Union Officials Ignored Students’ Valid Exercise of Religious Freedom
Rubinstein and Gold argue in their charges that they and other students who received this dubious questionnaire already discharged their legal duties when they informed the union of their objections to paying dues. Title VII of the Civil Rights Act of 1964 provides that objectors must only describe a sincere religious objection to union affiliation, which Rubinstein and Gold both did in letters to the national UE union. Federal law requires union officials to provide a religious accommodation to such objectors. An accommodation often permits the objector to divert an amount of money equal to dues to a 501(c)(3) nonprofit charity instead.
“Both nationwide and on the Cornell campus, the UE, CGSU, and their other campus affiliates have been at the forefront of demonizing Israel, seeking its destruction, and supporting Hamas’s violent and barbaric terrorism against Israel and its inhabitants,” the charges read. “The unions had no objective or bona-fide reasons to doubt the basis for my accommodation request or to question my sincerely held religious beliefs, observances, and practices.”
Because New York lacks Right to Work protections, UE and Cornell GSU union officials are enforcing a contract that requires graduate students to pay union dues or fees just to keep their work. While Title VII creates an exception for those like Gold and Rubinstein who have sincere religious objections to union affiliation, Right to Work states provide even more protection by making union membership and financial support a voluntary choice.
Jewish Graduate Students at MIT Forced GSU and UE to Back Off Illegal Dues Practices
Since 2023, National Right to Work Foundation staff attorneys have assisted dozens of Christian and Jewish graduate students across the country in defending their religious freedom from union forced-dues demands – particularly demands from UE union officials. In 2024, five Foundation-backed Jewish graduate students from the Massachusetts Institute of Technology (MIT) scored religious accommodations that allowed them to pay money to pro-Israel charities instead of to the UE union hierarchy.
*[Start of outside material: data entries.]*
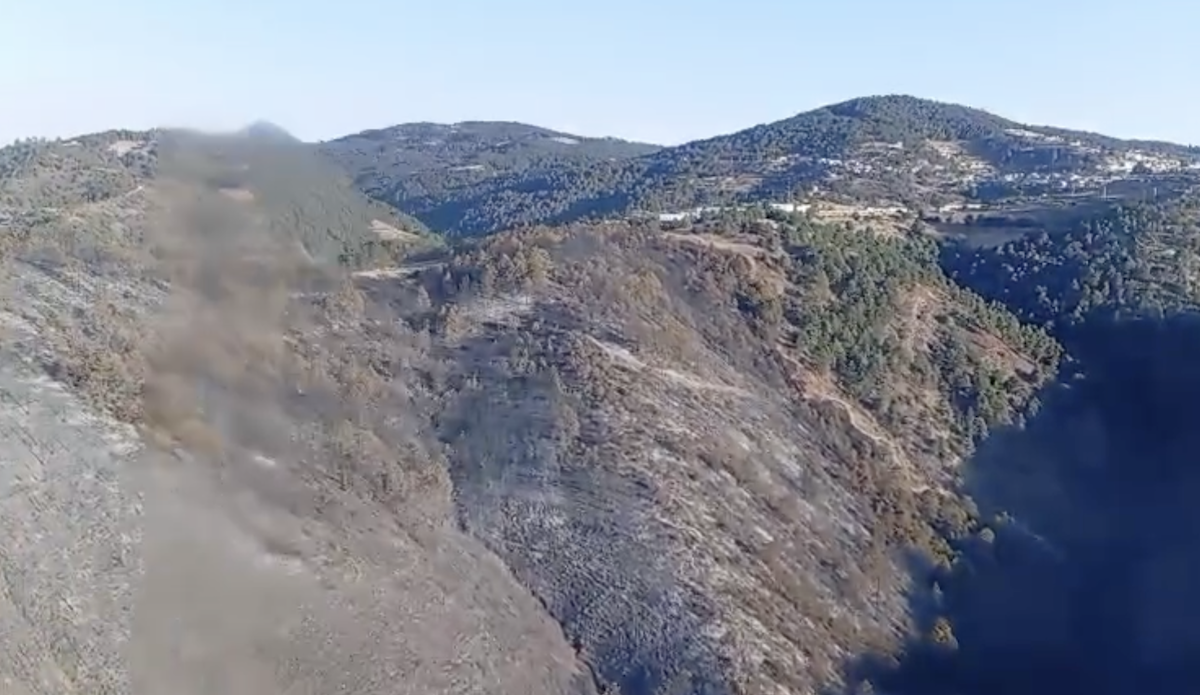 Controlado el incendio en Vicente Guerrero, está controlado en un 90%. Protección Civil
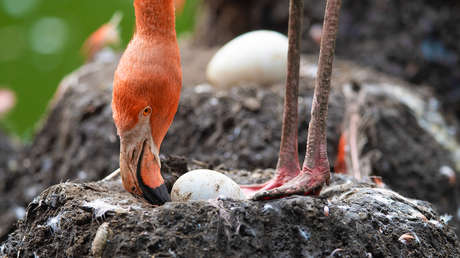 Hallan por primera vez en América un huevo fósil de flamenco prehistórico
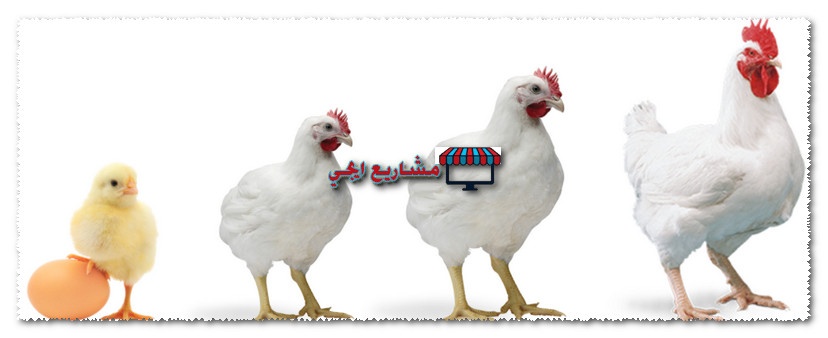 دراسة جدوى تربية الدجاج اللاحم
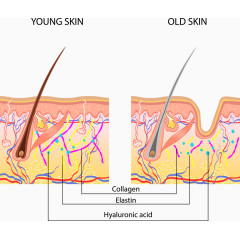 年轻人皮肤和老年人皮肤结构对比分析图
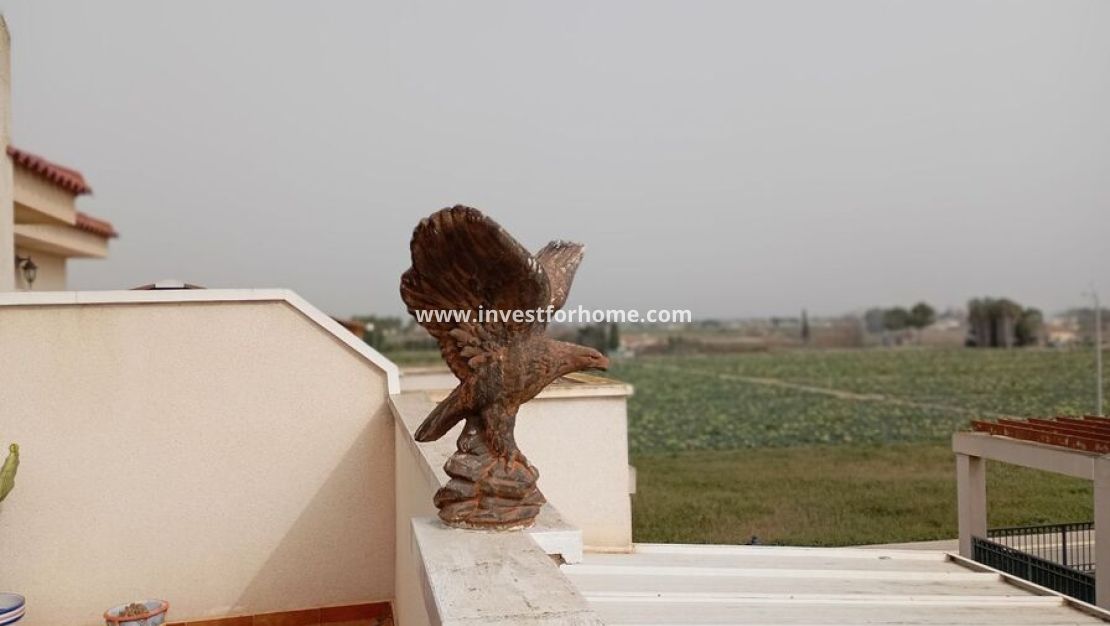 Sale - Apartment - Daya vieja - Costa Blanca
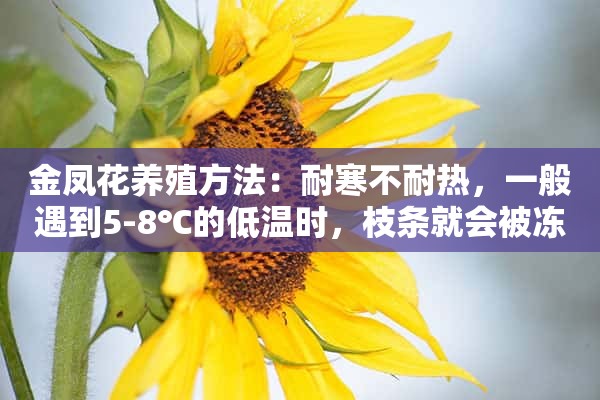 金凤花养殖方法：耐寒不耐热，一般遇到5-8℃的低温时，枝条就会被冻伤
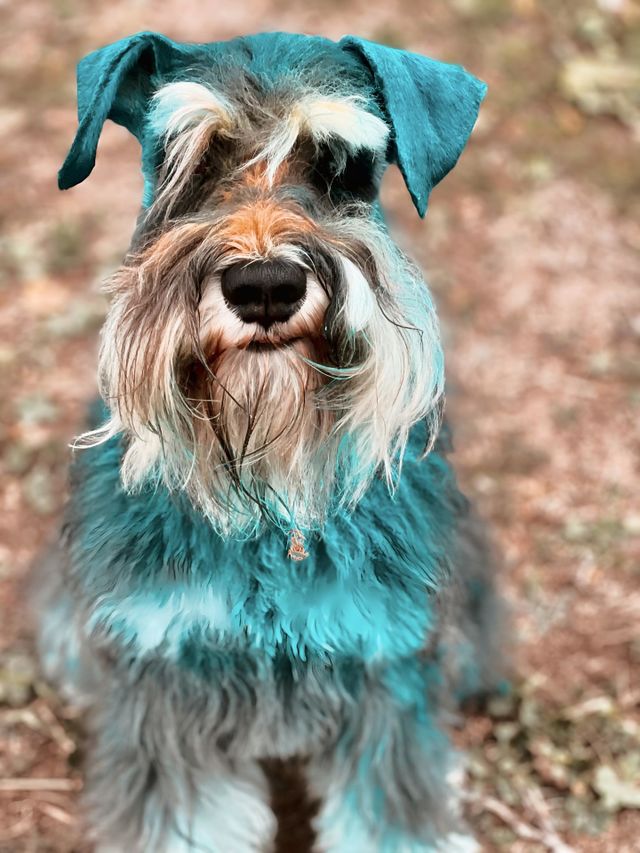 Colorful dog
In a related case for another MIT graduate student, Foundation attorneys secured a settlement that required union officials to inform the entire MIT graduate student body (over 3,000) of their rights under the Communications Workers of America v. Beck Supreme Court decision. Beck permits nonmembers to cut off dues payments for union political or ideological activities.
“This situation at Cornell again shows students and the public at large exactly what GSU and UE union officials’ priorities are: radical political mobilization and agitation, not respecting the individual rights of the students they claim to ‘represent,’” commented National Right to Work Foundation President Mark Mix. “Union bosses may not like it, but federal law is clear that they must comply with valid requests for a religious accommodation based on sincerely held objections to union affiliation, and cannot harass and interrogate those who object to the union’s activities on religious grounds.
“While the battle to preserve the right of religious students and workers to opt out of objectionable union support is certainly important, true reform is needed to ensure that no one is forced to associate with union bosses or their agendas, whether their objection to the union is political, religious, financial, or otherwise,” added Mix.